Photos are posted on the walls of corporate and regional offices. “We decorate our walls as a daily reminder of who we serve,” said the presenters.

As the pilot program expands, the team is using the Microsoft SWAY presentation app to capture these stories digitally. Acts is starting blogs to help residents write their stories. They’ll share all the stories with all residents and employees via portals and other channels.

 

Benefits to Employees AND Residents

Through the pilot program, Acts found that as stories came out, these “numbers” became people.
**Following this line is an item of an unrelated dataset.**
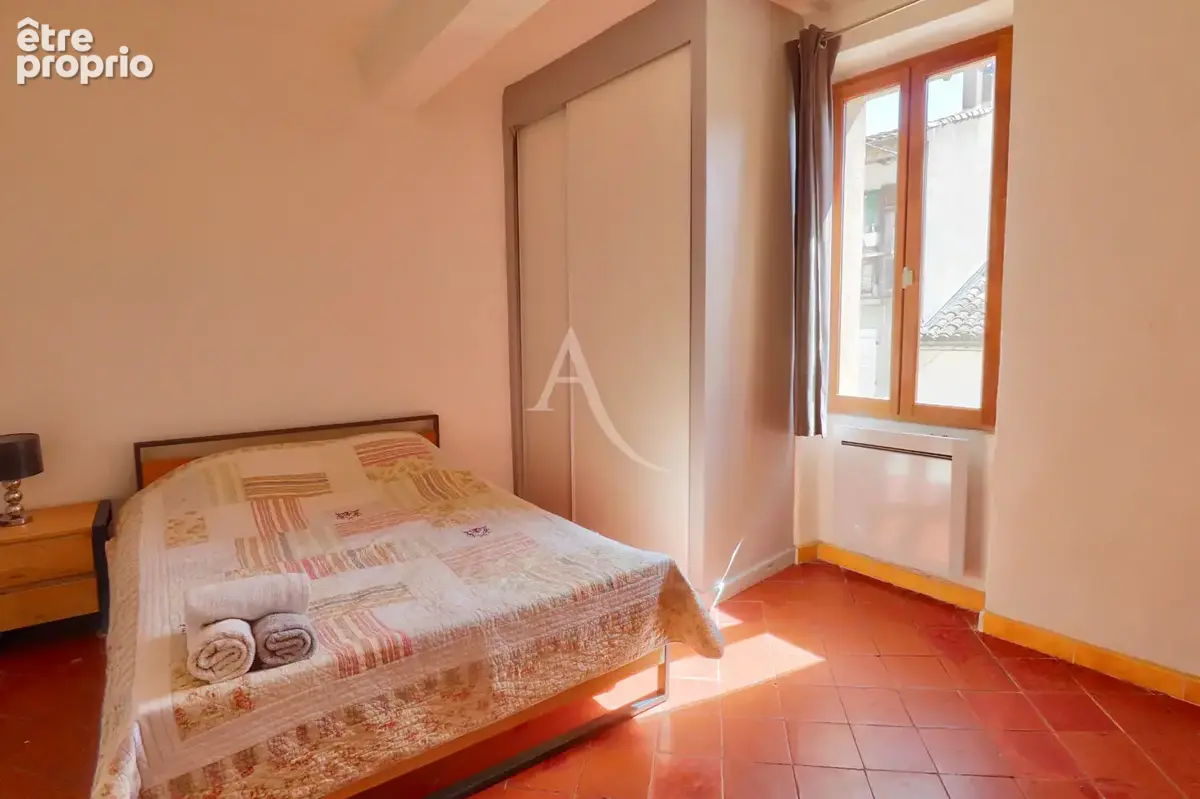 Appartement type 5 de 134.56 m2 place de parking et caves - photo 7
It shifted the way business was done. Friendships grew, talents were uncovered and corporate employees were now making decisions with a deeper understanding of the true heart and passions of the community.
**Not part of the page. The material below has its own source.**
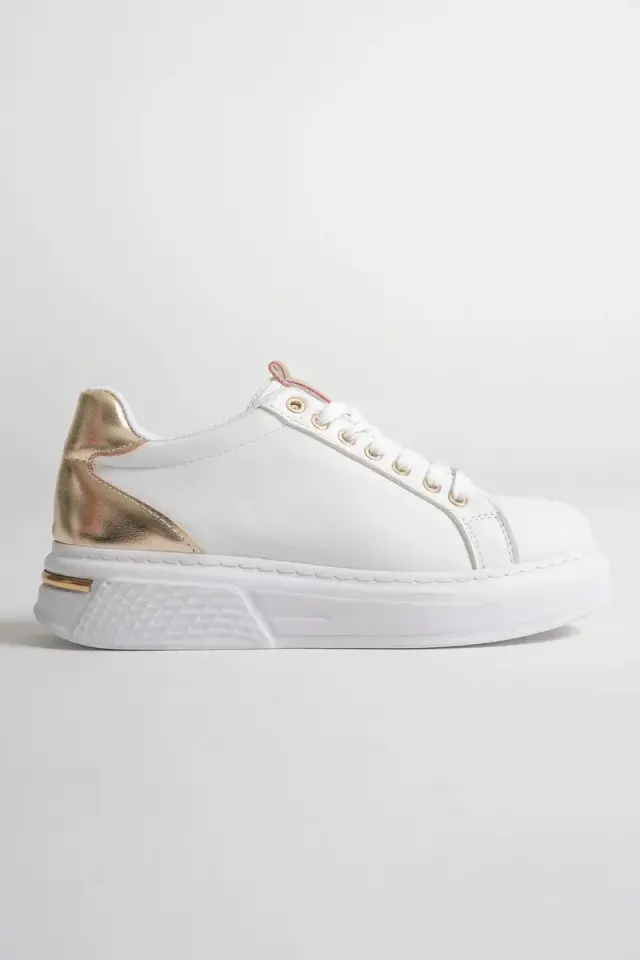 Altın Detaylı Beyaz Kadın Spor Ayakkabı BUCCA01MS03E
(clockwise from top left) Acts team members Niamh Fabiszewski, Jeremy Neeley and Heather Roller with resident Alicia Peale. Source: Acts Retirement Life Communities

(clockwise from top left) Acts team members Niamh Fabiszewski, Jeremy Neely and Heather Roller with resident Alicia Peale.
Source: Acts Retirement Life Communities

Residents tell the team they also have benefited.

“They want to know us, the employees, on a personal level,” said Fabiszeski. “They want to know that we care about them as people and not just as a business.”

 

Actionable ideas for Marketing and Management

Challenge yourself and your team: you are around residents, but do you really know them? Not just their name or room number, or what they did for a career, but their favorite stories, their passions.

You then have a true connection with the resident and are not merely going to a job every day.

Neely noted “Now when an employee might ask themselves, ‘is it really important if I get this assignment done?’ All they have to do is look up at the walls and say, oh yeah, Bill or Mary is counting on me.”

I can’t help but note that there is marketing gold in these stories, as well.

Creating Results’ experience marketing senior living communities is that prospects want to know “Will I fit in? Are there people like me? Will I still be respected as an individual?”

Authentic, personal stories such as the ones gathered through R-SEE can help future residents answer those questions.

 

The moral of this tale? Don’t leave stories untold.